I’ve posted quite a few updates on this site about my journey to lose weight. From a top weight of 241 lbs, I’ve now officially lost 71 lbs and I’ve got 25 lbs left to go to reach my goal. From the incredible support to the pats on the back and the incredulous looks on people’s faces (some of which are HILARIOUS, I have to say,) I thought I would check in and talk about what it really feels like to drop that kind of weight. Not from what you can outside, but from what I can see on the inside. Learn more about this below.
First, let me point out that there are no “bad sides” to anything I’m about to say. Just more of an observation of what’s going on back here in my brain.
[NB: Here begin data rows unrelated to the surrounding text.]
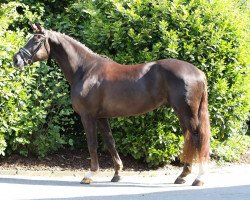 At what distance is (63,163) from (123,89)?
2.35 metres

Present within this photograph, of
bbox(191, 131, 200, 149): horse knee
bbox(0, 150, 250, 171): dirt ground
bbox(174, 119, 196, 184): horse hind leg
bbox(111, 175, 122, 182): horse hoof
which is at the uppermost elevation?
bbox(191, 131, 200, 149): horse knee

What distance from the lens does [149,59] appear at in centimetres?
877

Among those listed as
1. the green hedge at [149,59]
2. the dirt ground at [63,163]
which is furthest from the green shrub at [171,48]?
the dirt ground at [63,163]

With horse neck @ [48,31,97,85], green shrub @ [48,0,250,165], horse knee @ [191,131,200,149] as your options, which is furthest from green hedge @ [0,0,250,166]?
horse knee @ [191,131,200,149]

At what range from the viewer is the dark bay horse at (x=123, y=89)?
24.1ft

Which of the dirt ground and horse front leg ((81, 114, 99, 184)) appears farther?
the dirt ground

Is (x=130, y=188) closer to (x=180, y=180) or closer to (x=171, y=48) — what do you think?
(x=180, y=180)

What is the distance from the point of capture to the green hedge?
880 centimetres

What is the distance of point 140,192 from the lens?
6.95m

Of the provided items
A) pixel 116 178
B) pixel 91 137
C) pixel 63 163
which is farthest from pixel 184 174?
pixel 63 163

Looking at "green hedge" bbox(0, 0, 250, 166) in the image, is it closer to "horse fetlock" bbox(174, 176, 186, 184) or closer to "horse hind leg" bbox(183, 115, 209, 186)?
"horse fetlock" bbox(174, 176, 186, 184)

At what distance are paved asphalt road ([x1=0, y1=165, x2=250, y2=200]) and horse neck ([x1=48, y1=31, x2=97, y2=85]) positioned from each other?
1.72 metres

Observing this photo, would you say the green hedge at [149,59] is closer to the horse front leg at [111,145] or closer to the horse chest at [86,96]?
the horse front leg at [111,145]

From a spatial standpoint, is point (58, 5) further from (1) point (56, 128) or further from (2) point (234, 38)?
(2) point (234, 38) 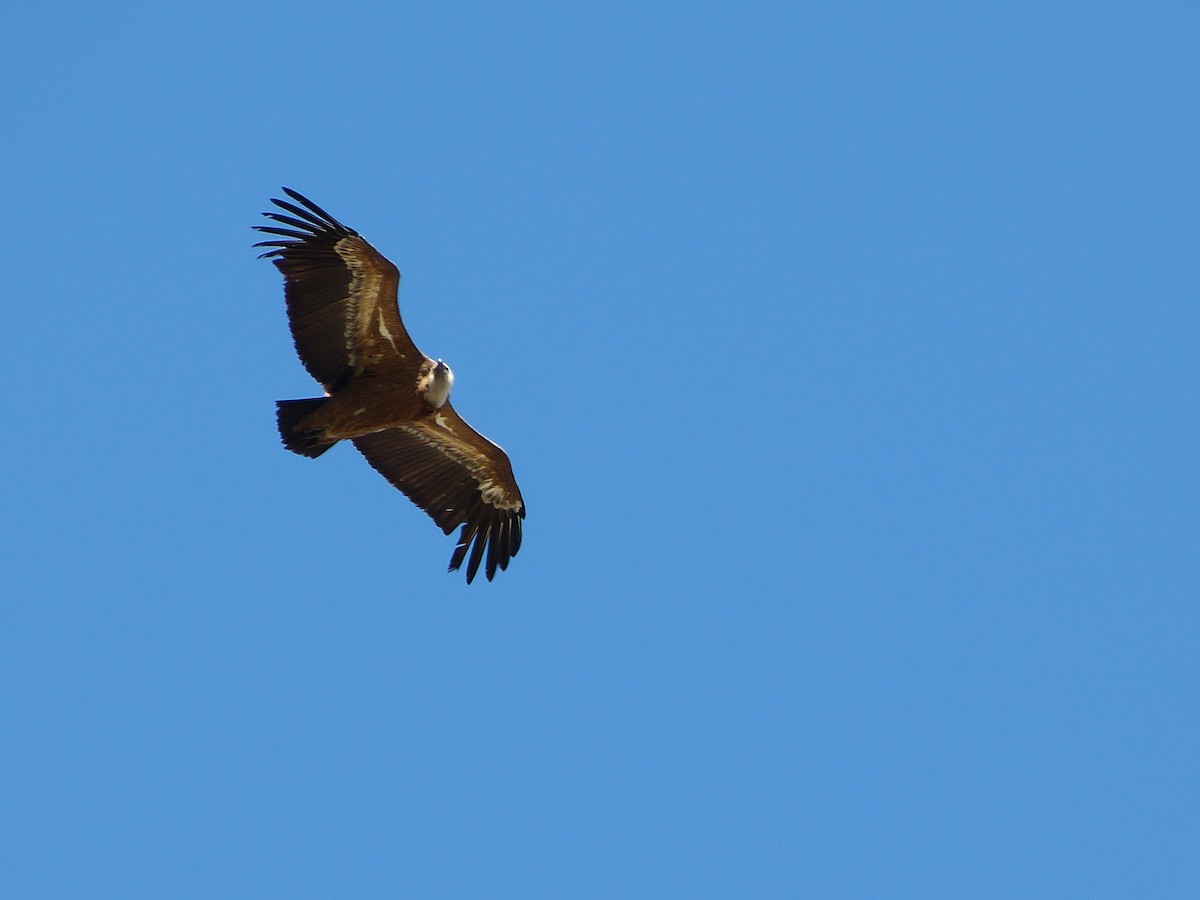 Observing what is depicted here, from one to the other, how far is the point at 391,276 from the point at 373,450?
2.90 metres

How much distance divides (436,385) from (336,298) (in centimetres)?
144

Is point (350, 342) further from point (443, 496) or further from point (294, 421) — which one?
point (443, 496)

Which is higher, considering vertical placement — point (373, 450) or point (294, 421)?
point (373, 450)

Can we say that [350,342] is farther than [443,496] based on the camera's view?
No

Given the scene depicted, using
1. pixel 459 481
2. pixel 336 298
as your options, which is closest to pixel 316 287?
pixel 336 298

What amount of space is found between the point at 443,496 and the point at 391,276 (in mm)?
3311

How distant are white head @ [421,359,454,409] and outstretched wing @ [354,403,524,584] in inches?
53.9

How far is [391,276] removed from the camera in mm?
A: 16438

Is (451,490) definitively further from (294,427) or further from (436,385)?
(294,427)

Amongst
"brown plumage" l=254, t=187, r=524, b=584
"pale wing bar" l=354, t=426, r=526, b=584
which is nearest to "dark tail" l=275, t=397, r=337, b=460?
"brown plumage" l=254, t=187, r=524, b=584

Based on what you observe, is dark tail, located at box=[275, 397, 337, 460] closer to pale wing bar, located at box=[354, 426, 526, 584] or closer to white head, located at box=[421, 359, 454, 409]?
white head, located at box=[421, 359, 454, 409]

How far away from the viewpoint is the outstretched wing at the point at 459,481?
18562 mm

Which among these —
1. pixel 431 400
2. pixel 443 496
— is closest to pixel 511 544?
pixel 443 496

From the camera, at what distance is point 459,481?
61.6 ft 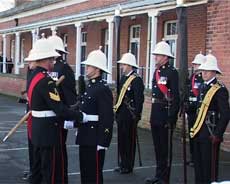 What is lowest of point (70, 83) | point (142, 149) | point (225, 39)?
point (142, 149)

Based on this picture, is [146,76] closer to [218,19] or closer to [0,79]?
[218,19]

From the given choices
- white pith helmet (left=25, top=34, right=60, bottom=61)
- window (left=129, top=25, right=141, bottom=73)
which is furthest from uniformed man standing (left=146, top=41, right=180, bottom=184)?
window (left=129, top=25, right=141, bottom=73)

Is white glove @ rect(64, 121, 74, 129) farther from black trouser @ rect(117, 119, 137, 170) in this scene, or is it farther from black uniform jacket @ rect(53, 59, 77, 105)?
black trouser @ rect(117, 119, 137, 170)

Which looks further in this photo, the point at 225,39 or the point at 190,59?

Let me also point out that if you have no issues with your weight, this isn’t meant as an advertisement for weight loss. It’s just me checking in with what’s happening with me. You and the relationship you have with your body is yours alone.
The first thing I’ve noticed is that the clothes I used to wear don’t fit anymore, but I keep wearing them. Want to know why? Because very few of us drop the pounds and can afford to buy a whole new wardrobe of clothes. Hence, you sometimes show up to events in clothes that don’t look like they fit. Because, you know, they don’t. The other part of it is that I don’t necessarily want to get rid of them just yet. These clothes were my safety blankets. They served me well and it’s hard to say goodbye to old friends.
The second thing I’ve noticed is a suspicious amount of clothes that I must have purchased in a drunken haze. I have a LOT of items that might have fit, but never flattered me in any way. These are easier to part with, but have left me with a morning-after-like hangover of, “Oh wow, what was I thinking? And, you know, how can I never repeat this mistake again?”
The third thing is that I’ve become the person that used to annoy me. You know the people you want to punch because they’re so damned perky in the morning? I have become one of those people. I wake up without an alarm clock at 6:30 am every day and head off to my work out with a level of energy where I annoy myself sometimes. It happens, people. Watch out. My inner cheerleader is out.
The fourth thing is that I feel very conflicted emotions. On one hand, I feel amazing and am SO CLOSE to reaching my target BMI and body weight that it makes me happy. I like very accomplished in that regard. The other side of that is many of the reasons I gained the weight still haunt me from time to time. I still battle with emotional eating and sometimes I wish I were, shall we say, less visible. Like anyone warrior used to fighting, when the battle is ending and the armor comes off, you feel somewhat naked without it. I’ll adjust.
The fifth thing? There is no such “Biggest Loser” moment where you walk into a store and EVERYTHING fits. That is such a lie. Sizing is still different from brand to brand, and there are still some stores in which I can’t shop. I’m still too curvy to really shop online without trying things on in the store. I’m choosing to focus on the brands who make clothes to fit me. After all, it’s my money. No one can buy your self-esteem unless you list it for sale. Remember that.
Finally, I would say that my world seems different. I’m pretty excited for spring this year. I’m aiming to wear a BATHING SUIT, SHORTS and SHORTER SKIRTS, people. These are things I wouldn’t have dreamed of. I haven’t worn a two-piece (or, let me rephrase that – SHOULDN’T HAVE) since 2003. Back-to-back workouts don’t bother me now. I just feel GOOD. I wouldn’t trade that feeling for anything.
The thing is, I realize I’ve come a long way, but I realize that I have a long way to go. Because it’s not really about the last 25 lbs anymore. It’s about the inside catching up with the outside, about celebrating the YEAR of hard work I’ve put in and getting rid of some old baggage.
Besides, the old baggage doesn’t go with the new look. If I’m going to keep investing in this new body, I’ve got to invest in a new state of mind.
After all, I want EVERYTHING in the new look to coordinate. 😉
Has anyone else out there gone through something similar? Let’s dish, dolls.